** Material provided follows **

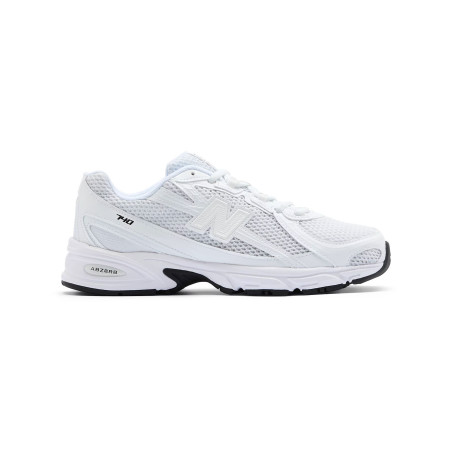 zapatillas new balance 740 blancas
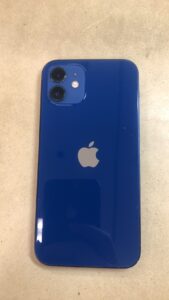 iPhone 12の買取査定を行いました！【三鷹】【モバトル三鷹店】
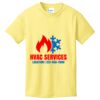 Youth 5.4 oz Cotton T-Shirt Thumbnail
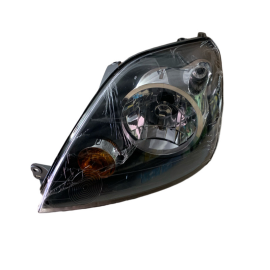 Faro anteriore SX Ford Fiesta V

** End of Material provided **

■ **What you will do**:
The task requires that every line above be transcribed exactly, without the images.

■ **Solution to this exercise**:
 zapatillas new balance 740 blancas
 iPhone 12の買取査定を行いました！【三鷹】【モバトル三鷹店】
 Youth 5.4 oz Cotton T-Shirt Thumbnail
 Faro anteriore SX Ford Fiesta V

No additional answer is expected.